Of course, there is the proviso that such an exception can’t endanger the general public welfare, so no one can claim to have a right to murder, etc., simply because their conscience dictates. Even with that proviso in place, however, the defense of “religion” is different from the defense of “conviction” or “conscience” generally. To get at the difference, it’s necessary to get at what the “common sense” notion of religion is — it is that definition that the American legal tradition uses and that Nussbaum implicitly uses, even with her overly broad stated definition.
I think that the common sense definition of religion would exclude idiosyncratic claims of individuals as well as groups known as “cults.” That is, religion can’t be a matter of simply one person’s claim, whether that be an individual acting alone or a cult leader who has gathered a body of followers. Some kind of “critical mass” much be reached, both quantitatively and temporally. I don’t think a firm boundary is possible here — it’s more of a “heap”-like problem. Specifically, it’s a problem of authority — not the authority of any one person qua individual, but a disembodied authority that the body of believers (including leaders, even individual leaders as powerful as the pope) understands as preexisting. In philosophical terms, a religion has its own “objective spirit” or “big Other.” (Incidentally, this is one good example of where Nussbaum’s anti-”continental” stance deprives her of concepts that would be very helpful to her argument.)
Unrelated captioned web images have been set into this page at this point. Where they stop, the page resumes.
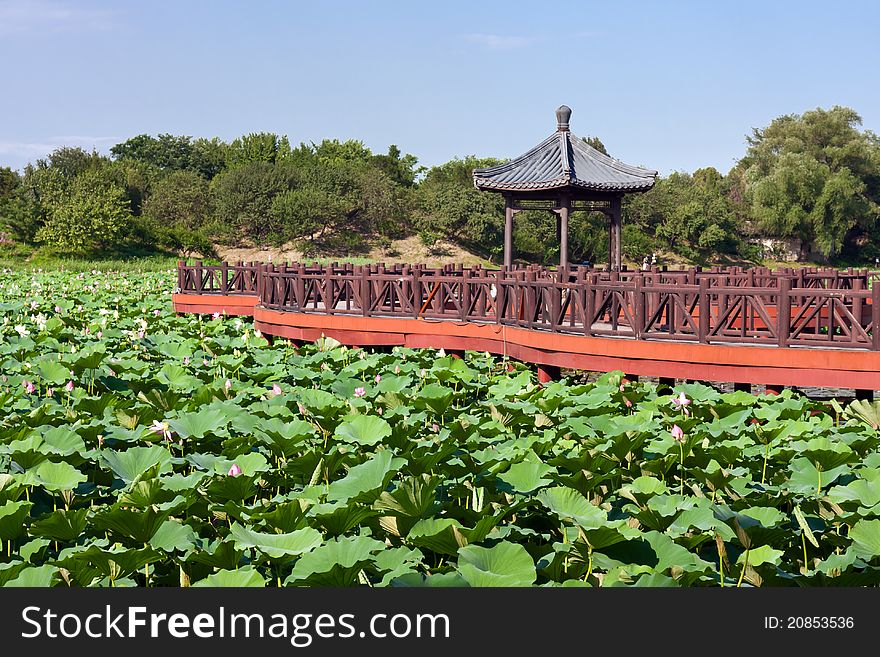 Exquisite Chinese Garden, lotus pond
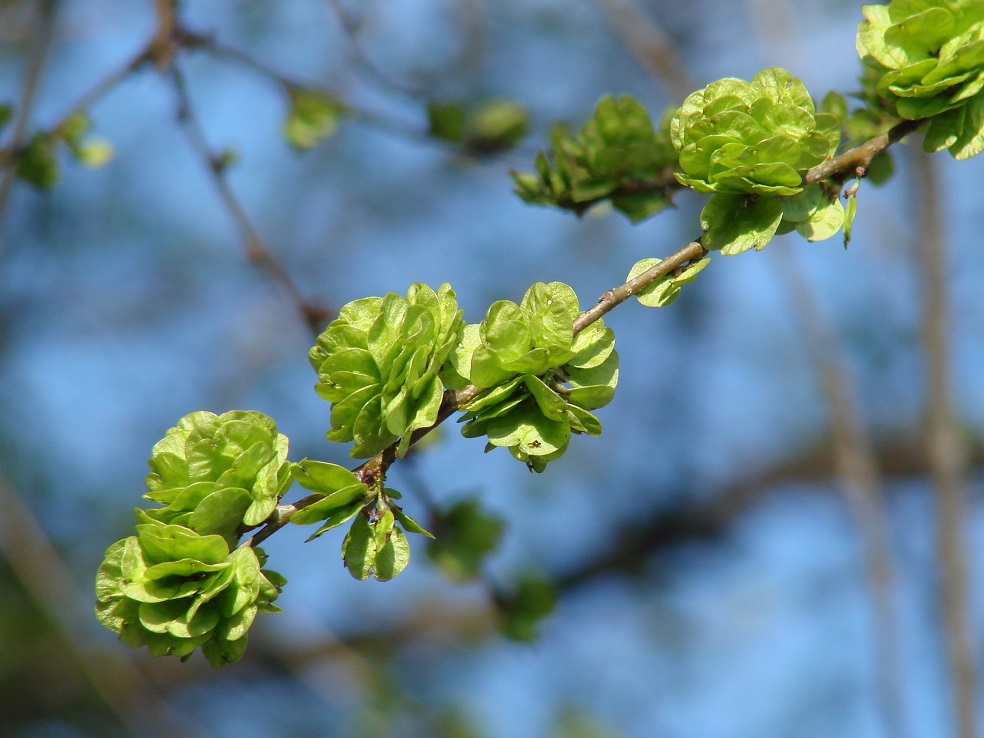 Image of Ulmus pumila specimen.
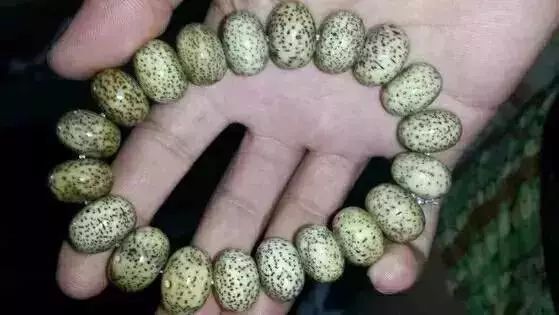 怎样盘十年以上星月菩提,星月菩提盘多久包浆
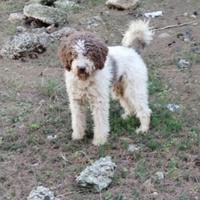 Lagotto Romagnolo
Religious claims are arguments from authority insofar as they go beyond what generic public reason would dictate — that is, by definition they exceed the “overlapping consensus” that “everyone” can agree upon. At the same time, they are public claims insofar as they have recourse to an authority whose demands are publicly available. People who don’t accept the Roman Catholic Church as authoritative, for example, are nonetheless able to know what the Roman Catholic Church demands of its members and to assess the degree to which its members take those claims as authoritative, that is, to trace the basic contours of the debate “internal” to Catholicism. Therefore, no one could get away with the claim that, qua Roman Catholic, they can only eat kosher food and must be accomodated.
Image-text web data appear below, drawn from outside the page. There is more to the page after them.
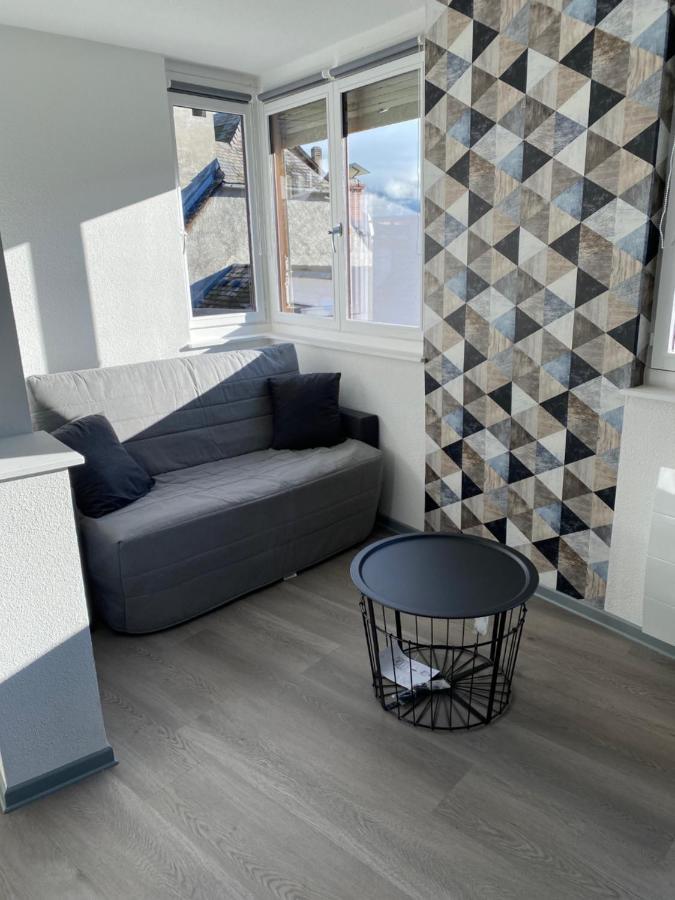 Residence Avec Un T3 Un T2 Et Un Studio En Centre Ville D Argelès-Gazost Zewnętrze zdjęcie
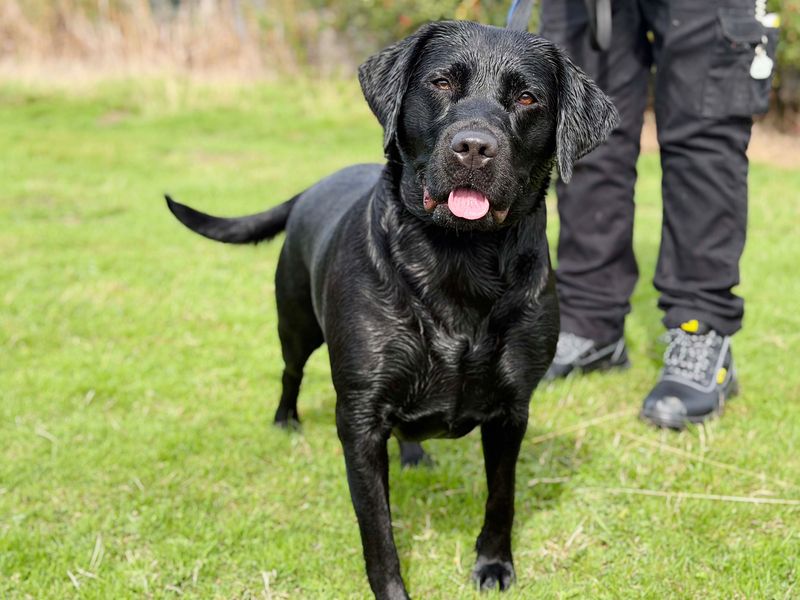 Nezuko | Retriever (Labrador) | Leeds - 4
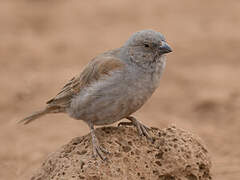 Parrot-billed Sparrow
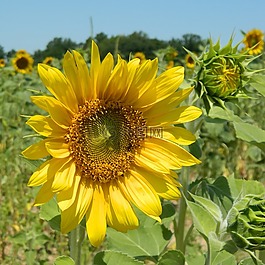 向日葵,夏天,花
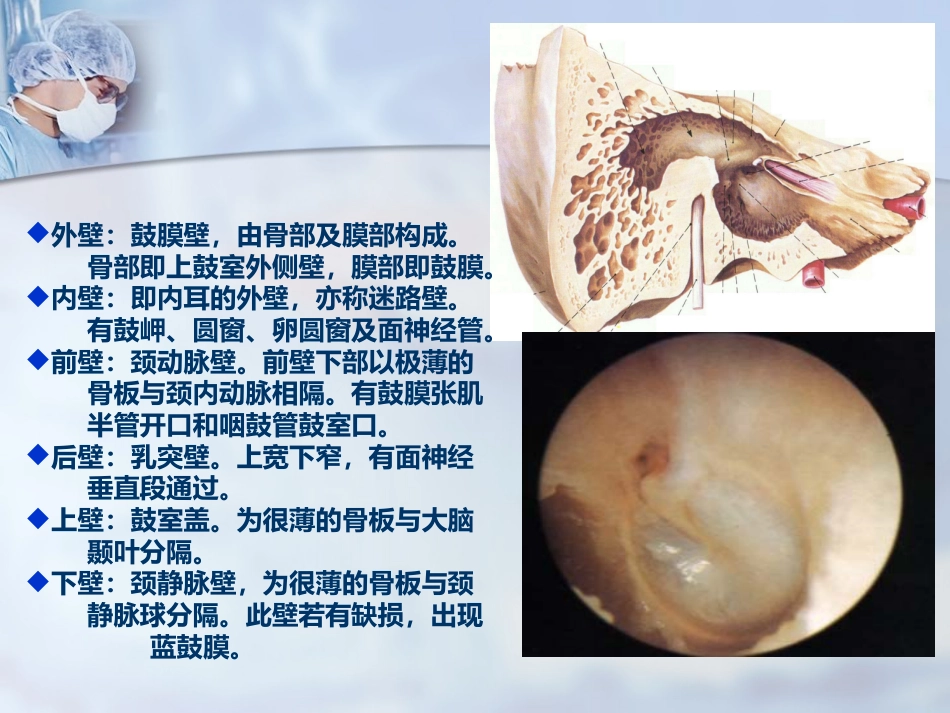 耳部解剖及听觉生理_第8页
Strictly idiosyncratic individual claims — whether of an individual acting alone or of a particular “cult leader” — do not have that public availability and are not “religious” in the relevant sense. (The case of Mormonism shows how rapidly a “cult” can become a “religion” in the modern world — though by the time the US government started its legal persecution of Mormons, it had already clearly become a “religion,” at least as far as I can tell.)
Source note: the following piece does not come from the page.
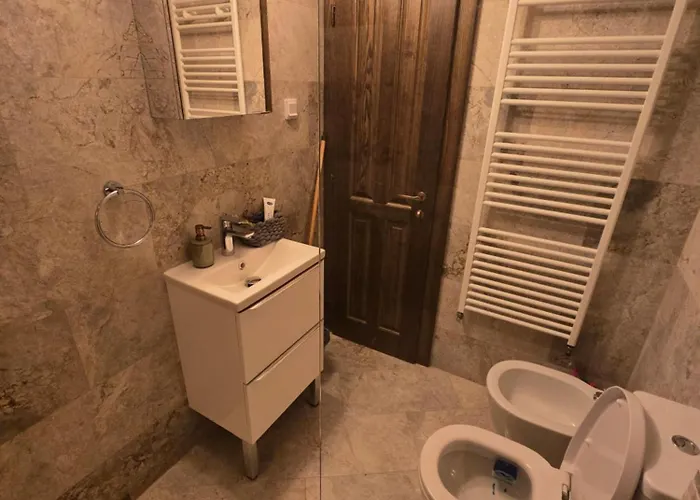 Ole Luxury Stay In City Center - Parking Included Διαμέρισμα Τιμισοάρα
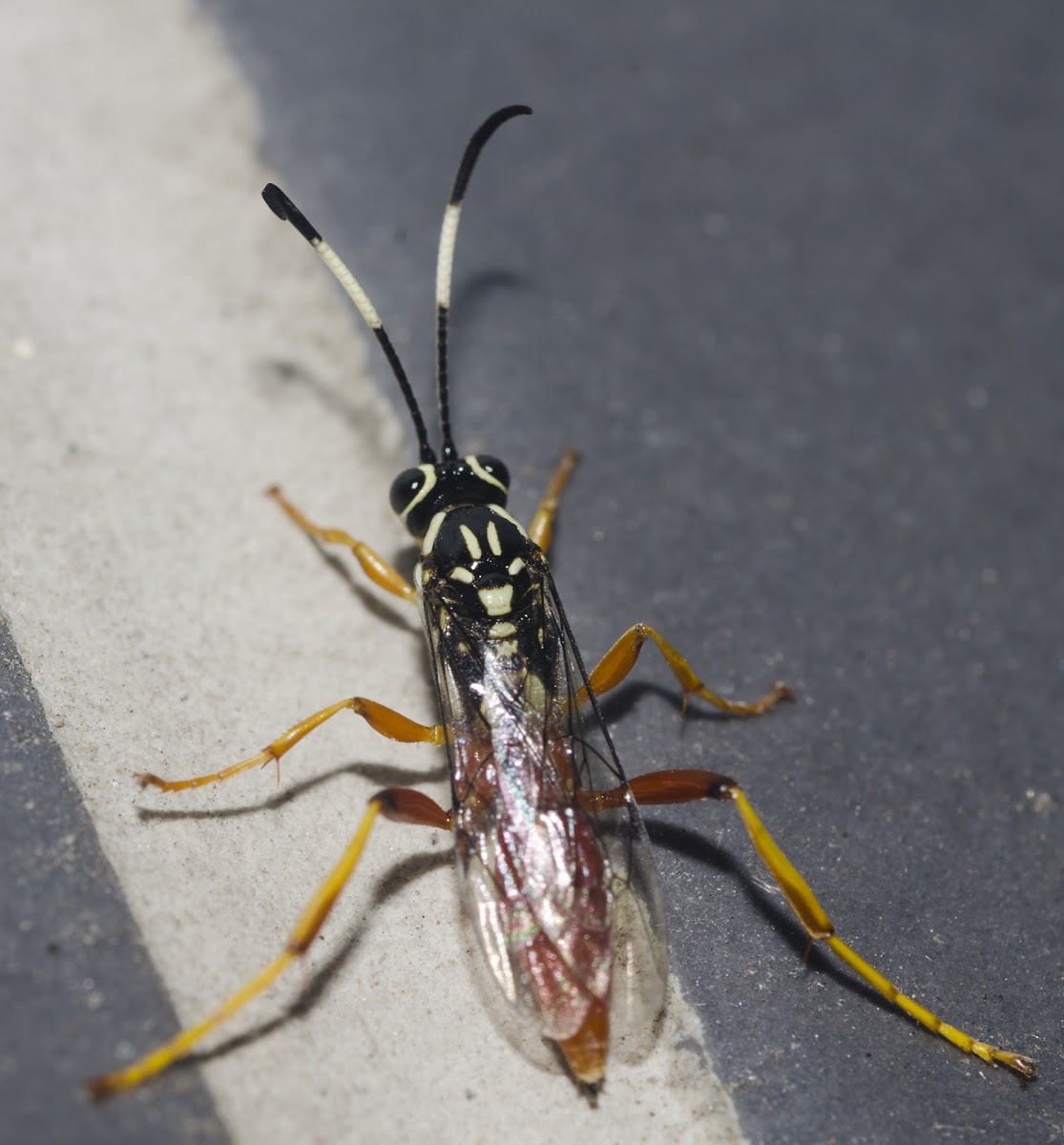 Ichneumonid Wasp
To me, what is valuable about the American approach to “religion” is not only that it is more fair than the European approach, though that does seem to me to be the case and to be a very significant benefit. The more valuable thing is why it’s more fair, namely, that it tacitly acknowledges that society is not made up simply of atomized individuals who stand before the state one by one. Society is also made up of groups with their own relative authority and autonomy, and a just polity must make reasonable accomodations to those groups. The American approach demonstrates that the choice isn’t between radical individualism and a sheer communitarianism that would allow the religious groups complete free reign — some type of limitation on group activity is necessary.
So in an example Nussbaum refers to several times, the government can decide that Bob Jones University’s religious freedom to regulate interracial dating among students is outweighed by the government’s interest in promoting racial equality. In the same way, the government might recognize the authority of Sharia law over Muslim citizens while placing certain limitations on it due to the government’s interest in gender equality (though in point of fact, the US government is not nearly as “interested” in gender equality as it should be).
One thing that’s particularly impressive to me is that the American tradition gets at this tacit acknowledgment of the existence of non-state groups precisely through the very individualistic and Protestant notion of “conscience” and through a legal system that can only hear the claims of individuals (even groups are heard only qua “legal persons”) — “backfilling” the Enlightenment political tradition with a more reasonable approach, as it were.